# TASK ITEM
Leaving out the images, please output every entry exactly as it appears.

# DATASET
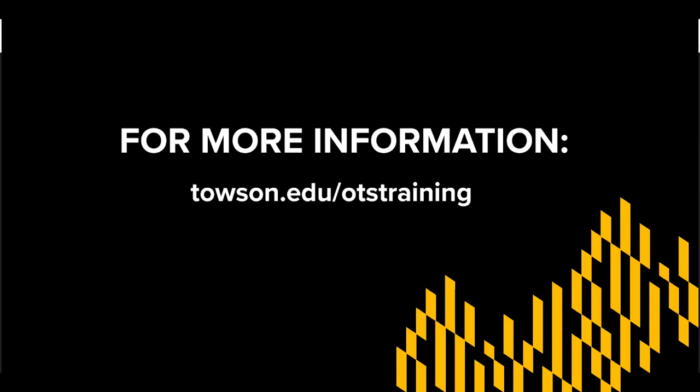And that's all of it. For more information or questions on this or any other technology related topics, visit us at townsend.edu slash OTS training.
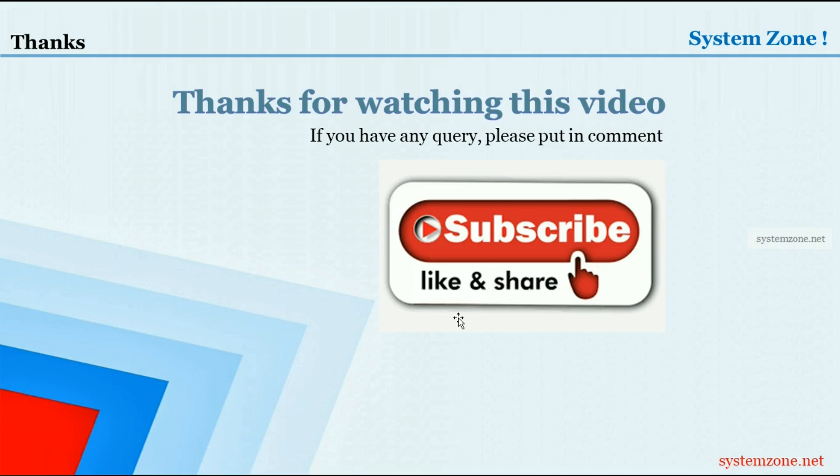This is for today. Thanks for watching this video. If you have any query, please put in comment. And if you are a newcomer, don't forget to subscribe. Bye bye.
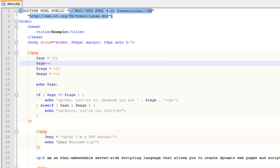You might wonder when you'd use these. A practical example: counting the number of records returned from a MySQL database query. For each loop iteration through a database record, a counter variable increments. You might loop through records based on criteria where you only want the latest 10 — once the counter hits 10, you end the loop and stop processing more records.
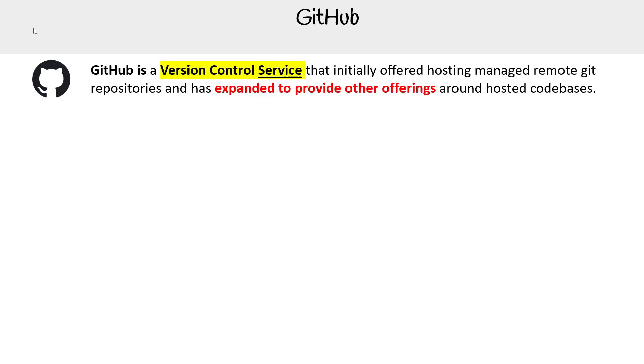Hey, this is Andrew Brown. We are taking a look at GitHub, a version control service that initially offered hosting for managed remote git repositories and has expanded to provide other offerings around hosted codebases.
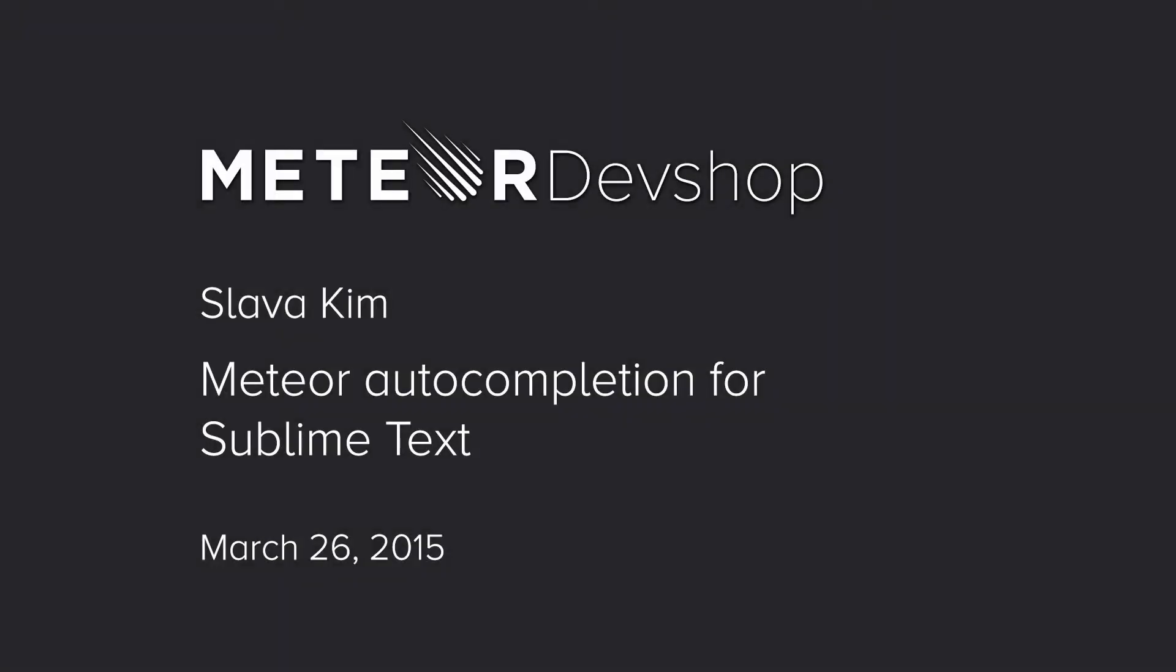We have Slava Kim, and Slava is going to show us Meteor auto-completion for Sublime Text. All right, hi everyone. Hi again.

# SOLUTION TO THE EXERCISE
And that's all of it. For more information or questions on this or any other technology related topics, visit us at townsend.edu slash OTS training.
This is for today. Thanks for watching this video. If you have any query, please put in comment. And if you are a newcomer, don't forget to subscribe. Bye bye.
You might wonder when you'd use these. A practical example: counting the number of records returned from a MySQL database query. For each loop iteration through a database record, a counter variable increments. You might loop through records based on criteria where you only want the latest 10 — once the counter hits 10, you end the loop and stop processing more records.
Hey, this is Andrew Brown. We are taking a look at GitHub, a version control service that initially offered hosting for managed remote git repositories and has expanded to provide other offerings around hosted codebases.
We have Slava Kim, and Slava is going to show us Meteor auto-completion for Sublime Text. All right, hi everyone. Hi again.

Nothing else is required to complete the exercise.